Thursday, 2 February 2012

the woodland garden ....the end is in sight (well, nearly)

We are nearing the end of our 2012 work in the woodland garden. This will see almost a quarter of this part of the garden developed with the remaining three quarters to be developed over the coming years.

This week we have been creating an island bed that is next to the first bed we planted. It shares the same key characteristics - dry shade on an impoverished soil.


Light is now penetrating to the woodland floor due to tree clearance and branch removal. We have loosened compacted earth and created log paths thickly laid with wood chippings.  The area is an elipse and is about 10m X 10m. As we cleared and loosened the soil we discovered one worm! Hmmm. More organic matter needed!! A day loading and unloading my trailer lies ahead on journeys to and from neighbours' manure heaps.

The path is edged with logs that will rot and provide an environment for the saproxylic organisms we are keen to encourage. The wood chippings too will contribute to this as will the piles of sticks and logs we have left. It was a delight to watch a pair of robins and a wren exploring within them.

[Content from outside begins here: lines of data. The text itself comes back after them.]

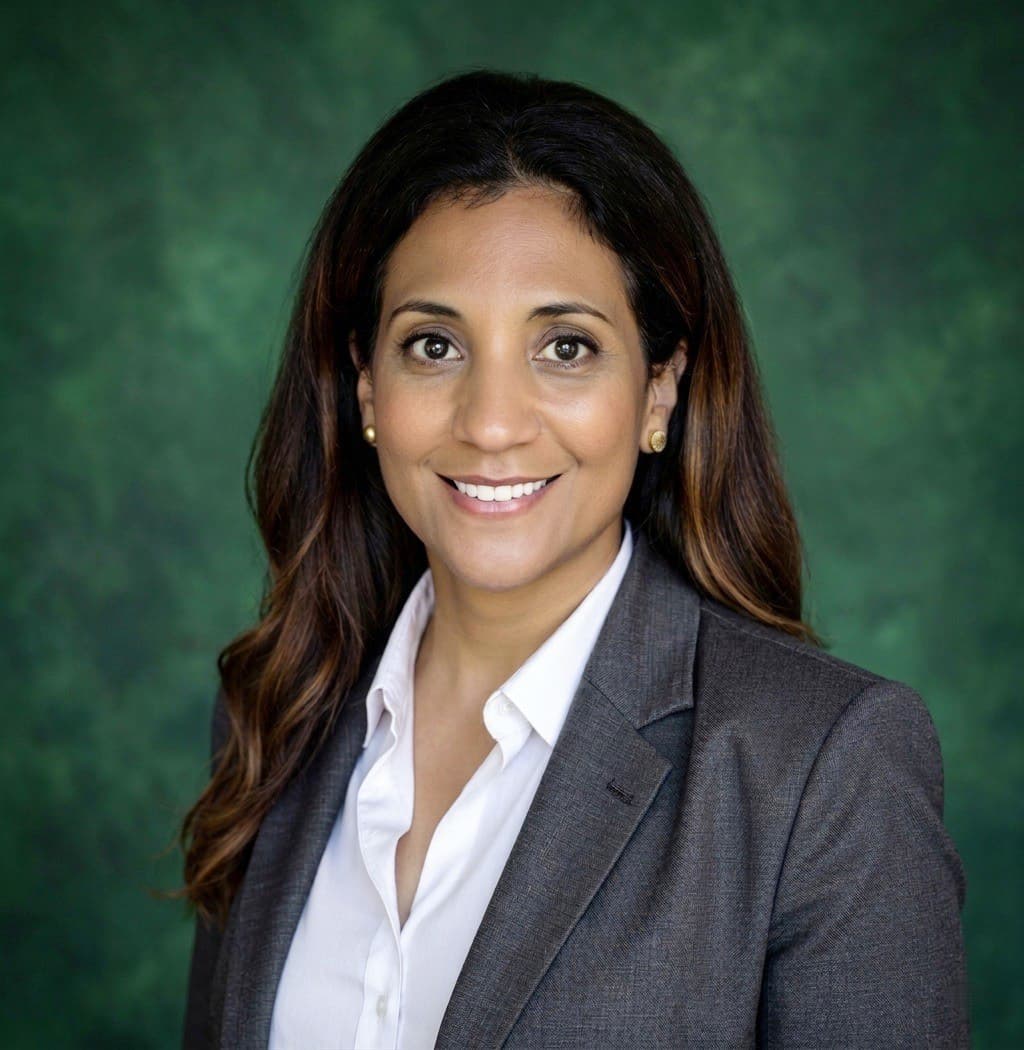 Karen Toussaint headshot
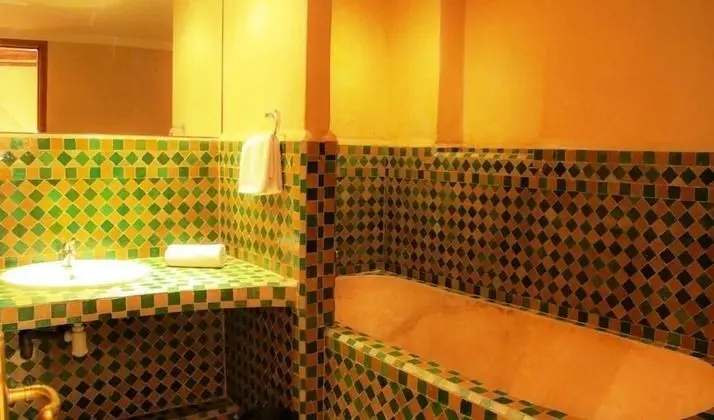 Standard Tek Büyük veya İki Ayrı Yataklı Oda, Özel Banyo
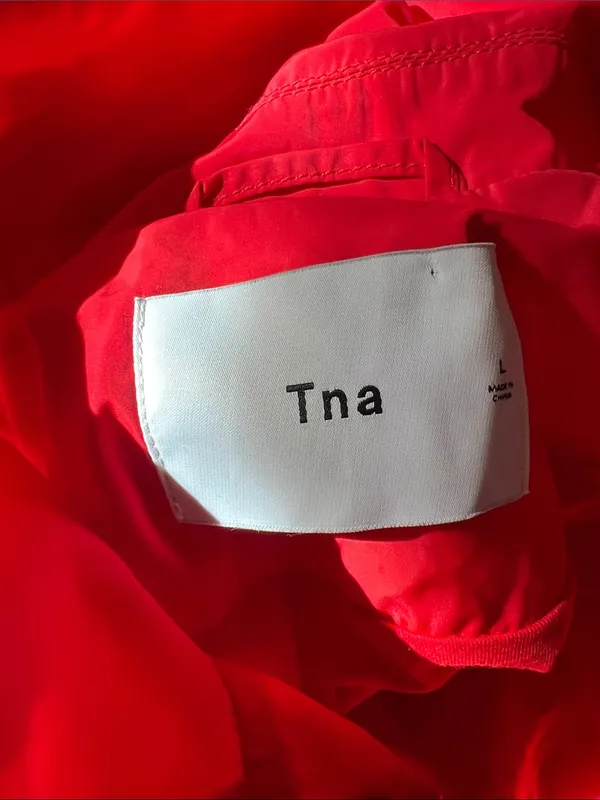 Aritzia TNA Red Windbreaker Large - Image 4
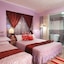 Love In Pearl Hostel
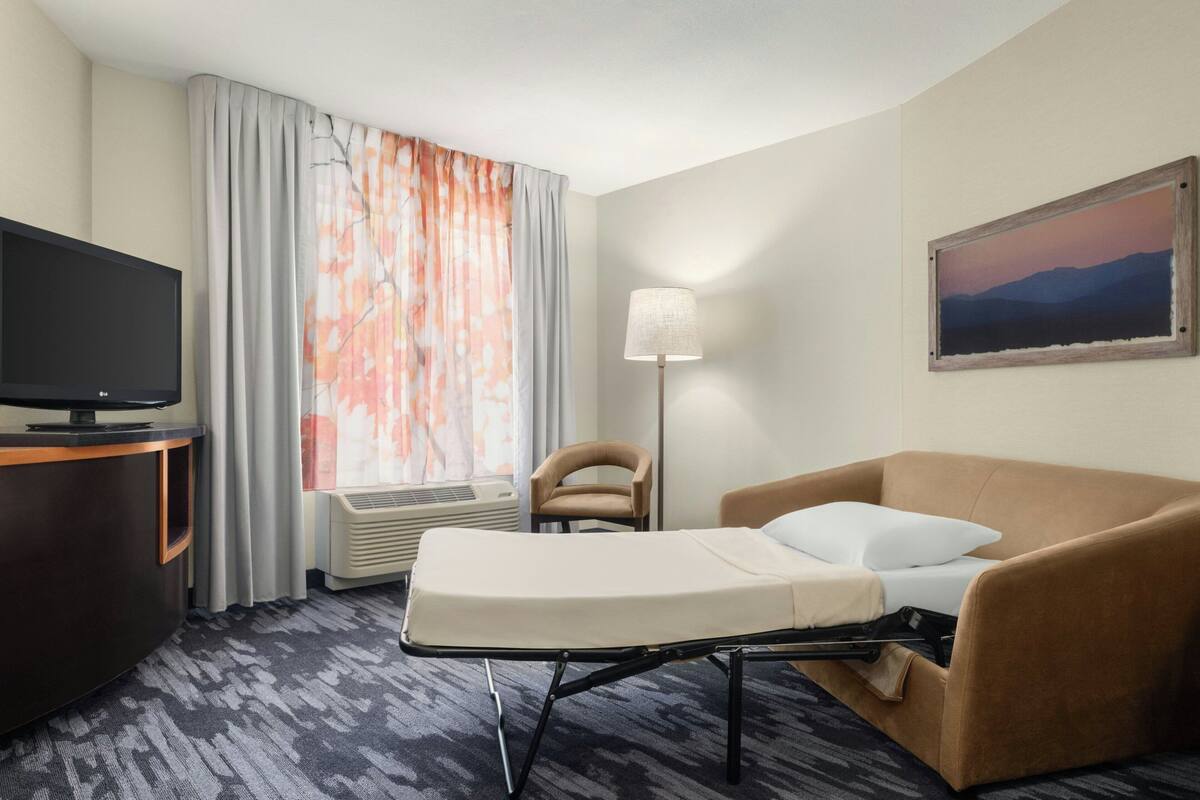 Premium bedding, down comforters, in-room safe, desk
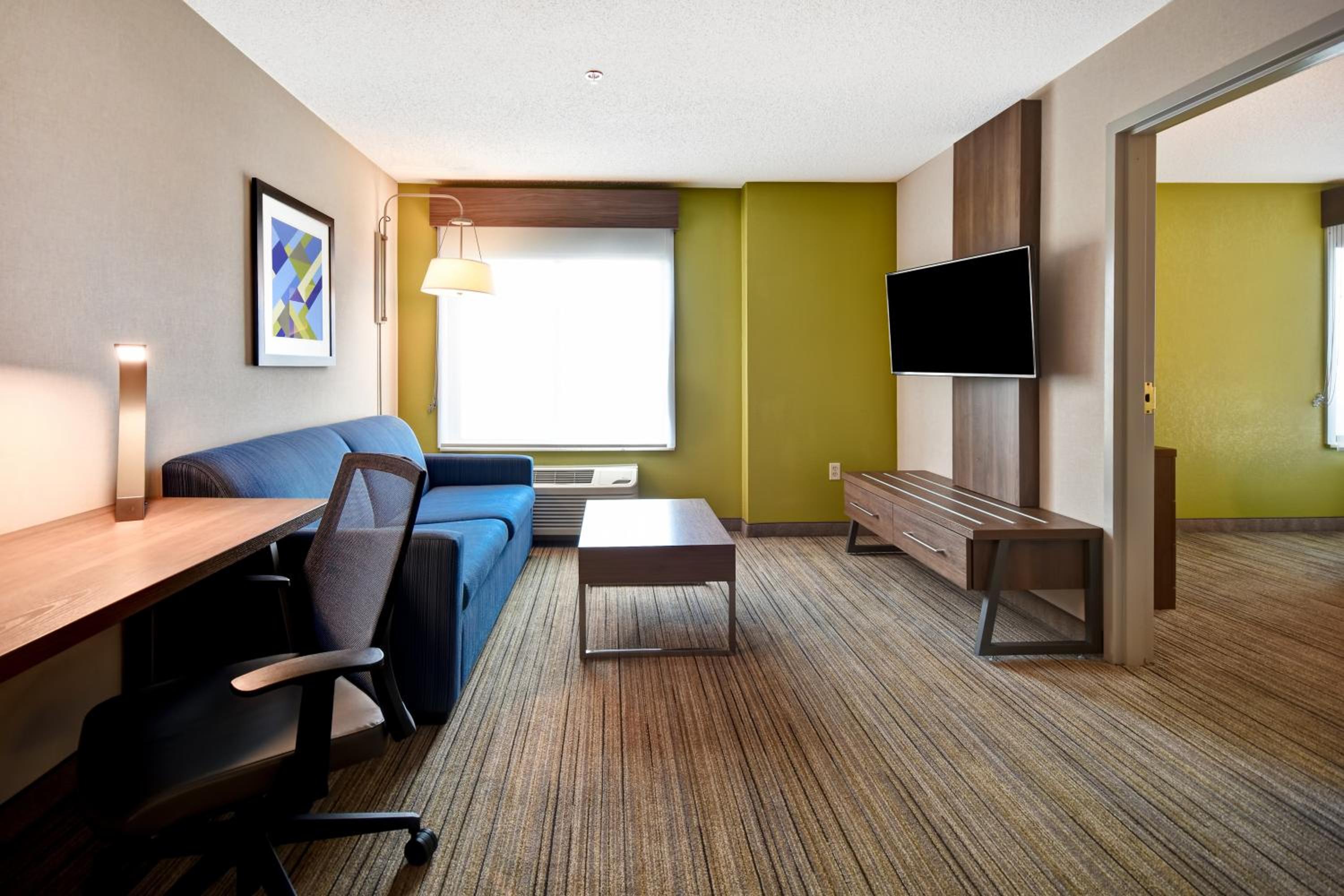 King Suite with Accessible Tub - Disability Access - Photo 3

We are keen to encourage native flora and so have left elder (sambus nigra) whose flowers and berries are good for wildlife. Elders are used as food plants by the larvae of moths including Brown-tail, Buff Ermine, Dot Moth, Emperor Moth, Swallow-tailed Moth and The V-pug.
Because elders tolerate our difficult conditions, we may plant the decorative red berried elder  (Sambucus racemosa plumosa aurea) in this section of the garden. Its leaves are bronze when young turning a golden yellow. As its name suggests, it bears striking red berries. There is wealth of information about native elders at hedgrerowmobile.

During this beginning stage of our new garden, the emphasis will be upon establishing and then propagating plants from cuttings, seed and divisions. So this bed will be used to bring on plants that will make an appearance elsewhere as well!!

Continuing the theme from earlier planting we will plant sweetly scented Christmas Box (Sarcacocca confusa) and yellow-stemmed Dogwood (Cornus stoloniferia flaviramea).
With no budget for landscaping, we are pleased that Elephants Ears (Bergenia cordifolia) suit our soil and should thrive here. Thanks to my Aunty Margaret who wanted them clearing from her borders ... we now have many resting at our allotment waiting to join us.

To contrast with the big round leaves of the bergenias, iris foetidissima will be planted. The big round, leathery bergenia leaves will complement the slender, knives of the iris leaves. Brunnera macrophylla has lush, veined leaves and would add further foliage contrast.

A horse chestnut that dominates the border and needs to be cloaked - what better than a beautiful Schizophragma hydrangoides? Jill loves hyrdangea petiolaris and schizophragma is an exceptional relative. I took this photo of it at BlueBell Arboretum in Smisby.

Acanthus Mollis will also feature - we have admired their tall spikes of flowers on many garden visits.

We will also lift and divide one of the ferns we are bringing on at the allotment.

A busy and exciting few weeks ahead as our plans for this bed reach fruition. As you'd expect ... photos will follow!!